Santervas de Campos: birthplace of Ponce de Leon in the Tierra de Campos
On a gentle slope above the river Valderaduey, in the far north of Valladolid province where the plains of the Tierra de Campos run towards Leon and Palencia, the small village of Santervas de Campos has barely a hundred inhabitants. Yet its name is known across the Atlantic, for this is the birthplace of one of the great figures of the age of discovery.
The man who named Florida
Juan Ponce de Leon, born here in the 15th century, became the conqueror and first governor of Puerto Rico and, in 1513, the European discoverer of Florida. Visitors from Puerto Rico and the United States make the pilgrimage to his home village, where a museum set in the cellar of a 17th-century convent tells his story and a statue faces the church where he is said to have been baptised. A second son of the village, Francisco de Villagra, went on to govern Chile.

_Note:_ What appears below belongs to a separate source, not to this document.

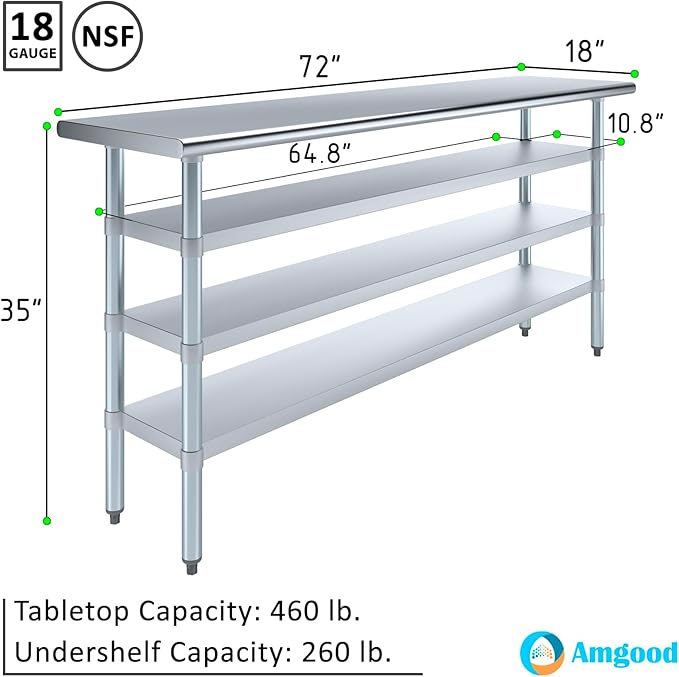 18 in. x 72 in. Stainless Steel Work Table with Three Bottom Shelves | NSF Kitchen Prep Table | Utitly Metal Table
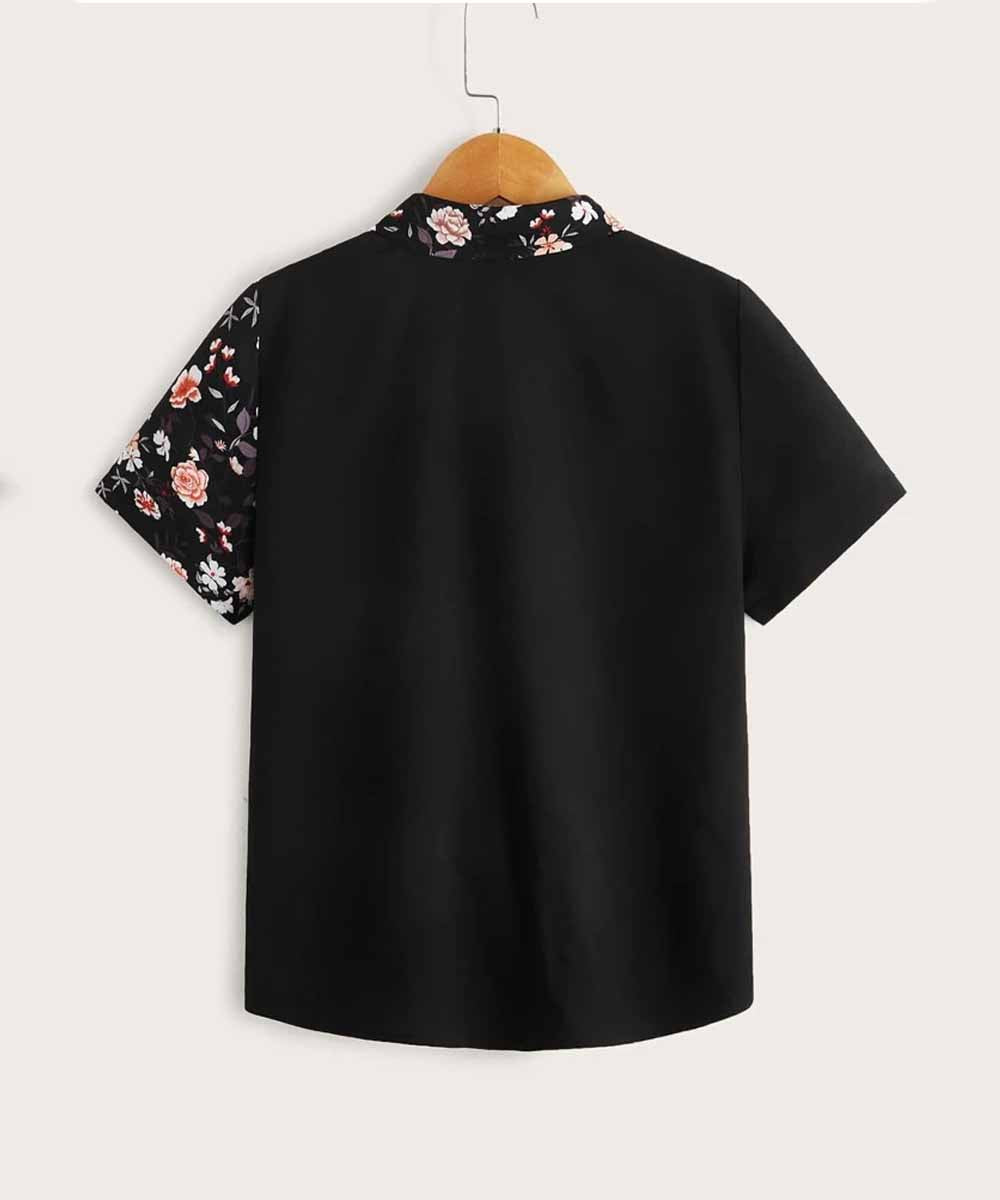 Venutaloza Black Floral Panel Button up Short Sleeve Shirt For Boy.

A primitive brick Romanesque
The church of San Gervasio y San Protasio grew from a monastery founded around the 10th century to assist pilgrims, and its splendid triple apse of brick, dating from the late 12th century, is considered one of the earliest examples of Romanesque in Castile, combining stone and Mudejar brickwork. The village still lies on the Madrid branch of the Camino de Santiago, in a land famous for its lentils.
Getting there
Santervas de Campos is around seventy-five kilometres north-west of Valladolid, a short drive from Sahagun and its great pilgrim road.